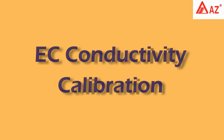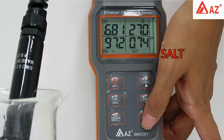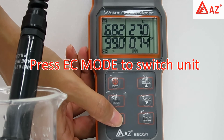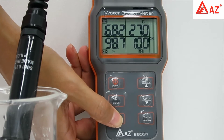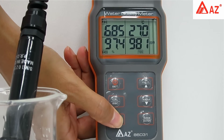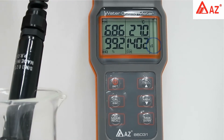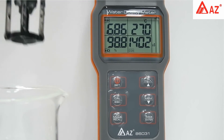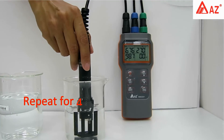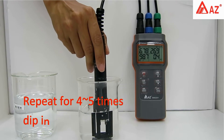Conductivity calibration: press the Mode key to switch to conductivity, then press the UC/Mode key to switch the unit to microsiemens. Repeat dipping in solution and swinging dry 4 to 5 times — this removes air bubbles which can result in inaccurate readings.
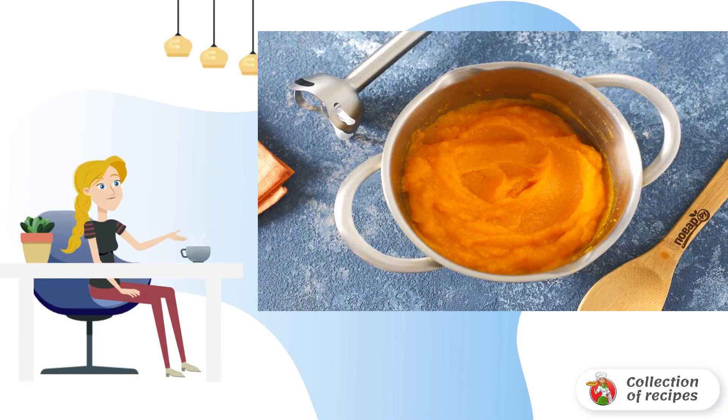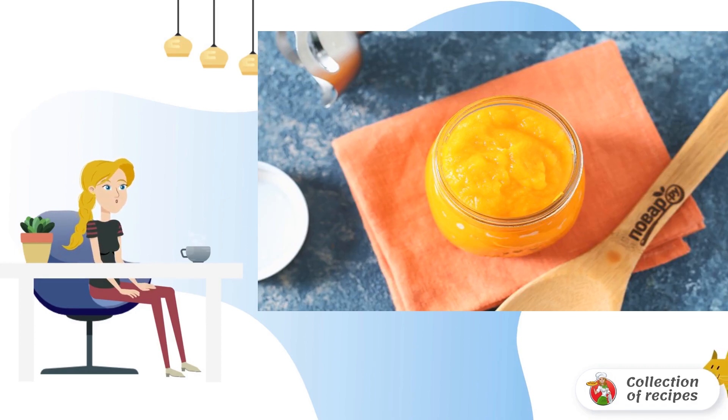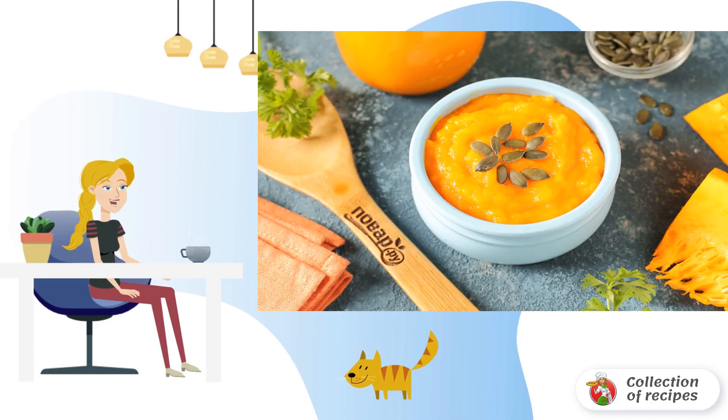After that, puree the pumpkin with an immersion blender. Put the finished puree on the stove and bring to a boil. Then, still hot, put it in clean sterilized jars for storage in the cellar or refrigerator. Pumpkin puree without sugar is ready for winter. Bon appétit.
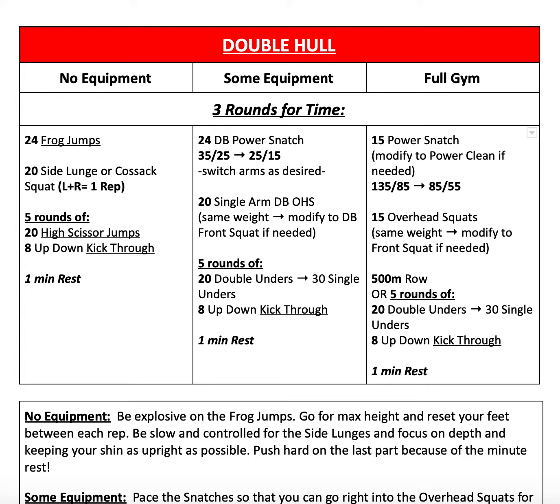For our no equipment variation, we have 24 frog jumps, 20 side lunges or Cossack squats — noting that left and right equals one rep — and then five rounds of 20 high scissor jumps and eight up-down kick-throughs, followed by one minute of rest.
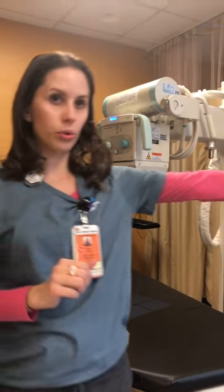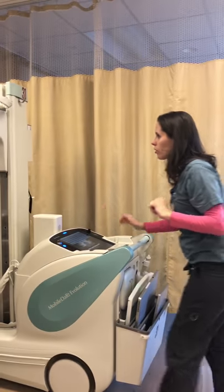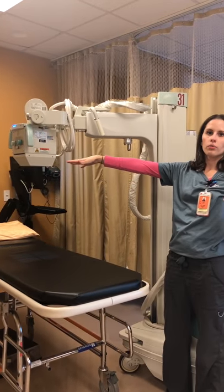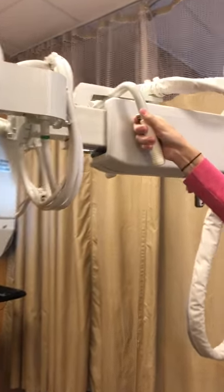If I'm in a position where I'm actually across the room and I still need to be able to get to my tube, I'll reorient it. So if I'm all the way extended out and I can't get to that side of the room but I still need to move it forward, there is a button here.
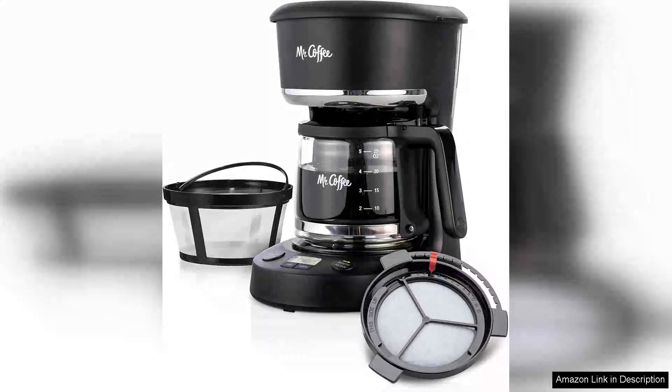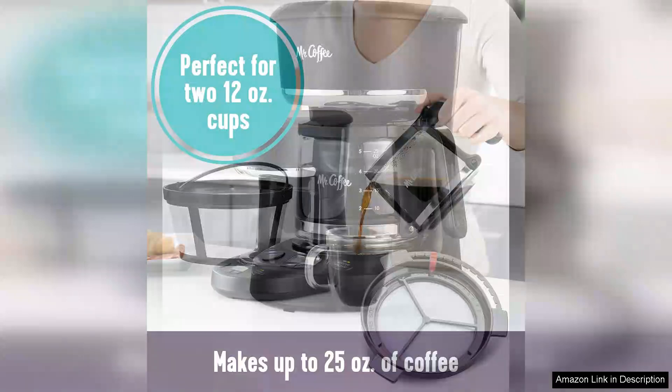The Mr. Coffee 5-Cup Programmable Coffee Maker is a delightful addition to any coffee lover's kitchen. This compact machine boasts a sleek design that fits seamlessly on countertops, making it ideal for small spaces, with a 5-cup capacity.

» **Exercise goal**
A faithful copy of the data above is wanted, with every image left out.

» **Response area**
Conductivity calibration: press the Mode key to switch to conductivity, then press the UC/Mode key to switch the unit to microsiemens. Repeat dipping in solution and swinging dry 4 to 5 times — this removes air bubbles which can result in inaccurate readings.
After that, puree the pumpkin with an immersion blender. Put the finished puree on the stove and bring to a boil. Then, still hot, put it in clean sterilized jars for storage in the cellar or refrigerator. Pumpkin puree without sugar is ready for winter. Bon appétit.
For our no equipment variation, we have 24 frog jumps, 20 side lunges or Cossack squats — noting that left and right equals one rep — and then five rounds of 20 high scissor jumps and eight up-down kick-throughs, followed by one minute of rest.
If I'm in a position where I'm actually across the room and I still need to be able to get to my tube, I'll reorient it. So if I'm all the way extended out and I can't get to that side of the room but I still need to move it forward, there is a button here.
The Mr. Coffee 5-Cup Programmable Coffee Maker is a delightful addition to any coffee lover's kitchen. This compact machine boasts a sleek design that fits seamlessly on countertops, making it ideal for small spaces, with a 5-cup capacity.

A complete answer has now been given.